Non-metric multidimensional scaling (NMDS) with metaNMDS
This section runs NMDS clustering, based on a cluster count guided by the results of DMM. This will provide X and Y coordinates for an NMDS plot, as well as a distance matrix (that will be used in the Silhouette index and prediction strength calculations). This requires an input table of read counts per sample per taxa (e.g. Input_example-readcounts_min3samples.txt). This metaNDMS method also allows the user to specific the number of desired clusters (default setting is '2'), which may be guided by DMM results. The output distance matrix is named 'NMDS_dist_table_readcounts_min3samples.tsv'. The scatterplot data is also provided in the output table 'NMDS_coordinates_readcounts_min3samples.tsv'.
Silhouette coefficient and prediction strength
This section assigns silhouette width and prediction strength to previously-generated cluster assignments, based on a distance matrix (for example, based on output from DMM and NMDS, above). The input files are a cluster membership table (e.g.: Input_example-cluster_membership.tsv) and a distance matrix (e.g.: Input_example-NMDS_dist_table_readcounts_min3samples.tsv).
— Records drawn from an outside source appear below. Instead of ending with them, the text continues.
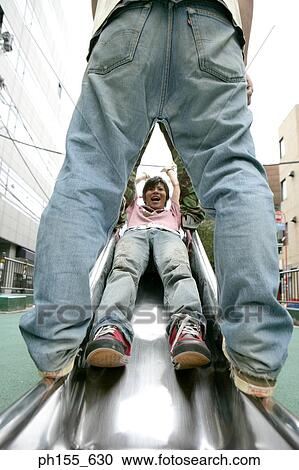 Low section view of two people standing over a young man on a slide View Large Photo Image Stock Image - Low section view of two people standing over a young man on a slide. Fotosearch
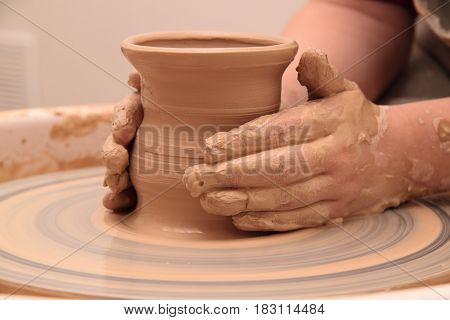 hands of a potter, creating an earthen jar on a pottery wheel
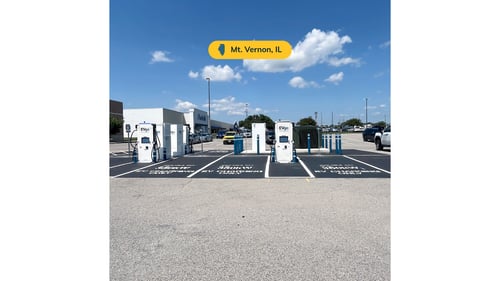 Several EVgo fast charging units installed in marked parking spaces at a public charging station, with EVgo logos on the chargers, protective bollards around each unit. CCS chargers featured in the image.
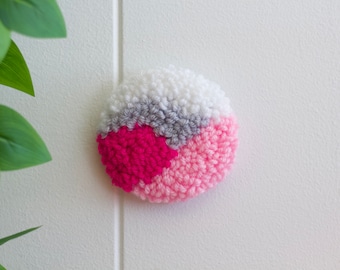 Liten rosa cirkelmatta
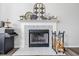 A fireplace features wood mantle, decorative tile, decor, and wood at 5030 E 800 N, Columbus, IN 47203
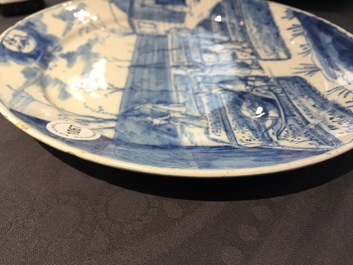 A Dutch Delft blue and white plate with peasants from the 'Zodiac' series, first quarter 18th C.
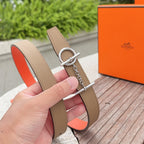 Tan leather belt with silver buckle hardware and orange inner lining; hand-held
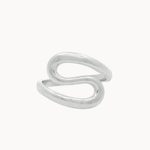 A minimalist silver ring with an organic, flowing S-shaped curve, photographed on a clean, solid off-white background.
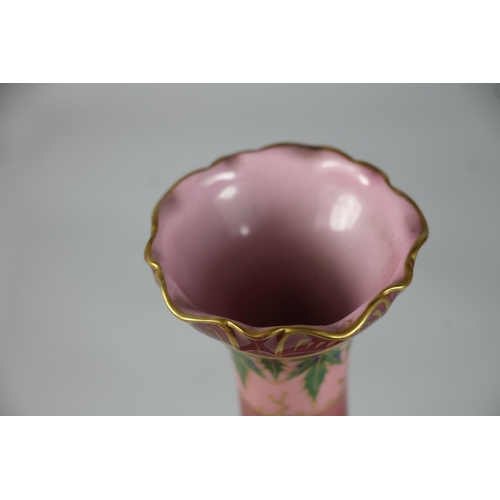 245 - Early 20th century pottery vase with pink and green stitch pattern, sceptre mark to base, 26cm high.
The example script will produce an output file containing silhouette coefficient metrics per cluster and overall stats, named 'readcounts_min3samples_DMMk2-5_distNMDS_Silhouette.txt'. Then, the prediction strength section takes as input the dataframe holding the dissimilarity matrix, and also allows the user to set the range of cluster counts to test in the call to the prediction.strength function (e.g. the default setting is testing size 2-5 clusters, M=100 sets the number of times to resample). This produces an output file of metrics including the prediction strength per cluster. This file by default is called 'readcounts_min3samples_k2-5_distNMDS_PredictionStrength.txt'.
Random Forest
This section runs the random forest algorithm on an input table of relative abundances per taxa per sample, with samples down the rows, features across the columns, relative abundance data in the matrix, and the second column indicating one of two classes per sample (e.g.: Input_example-RF.txt; count-based data can be used but is not necessary). Outputs include an importance table (listing the features most strongly guiding the classification), a confusion table (with the number of correct and incorrect classifications, and overall accuracy error), as well as an ROC curve plot that includes a Mann-Whitney U statistic for the significance of the prediction accuracy. Random forest is useful for determining how well the overall microbiome profile can predict classification into one of two groups, and the mean decrease in accuracy (MDA) values can be used to rank the taxa based on the classification.
ANCOMBC2
This section runs ANCOMBC2 to identify differentially abundant taxa in microbiome data. This method requires 2 input files: a read counts table (e.g.: Input_example-ANCOMBC2-readcounts.txt) and a metadata table with a grouping per sample (e.g.: Input_example-ANCOMBC2-comparisons.txt). Two output files will be generated in the working directory (ANCOMBC2_output_prime.tsv, ANCOMBC2_output_sens.tsv). The "output_prime" file contains the p values and the p values adjusted for multiple testing (q values). The "Comparison" values should be assigned to features, and not the "Intercept" values.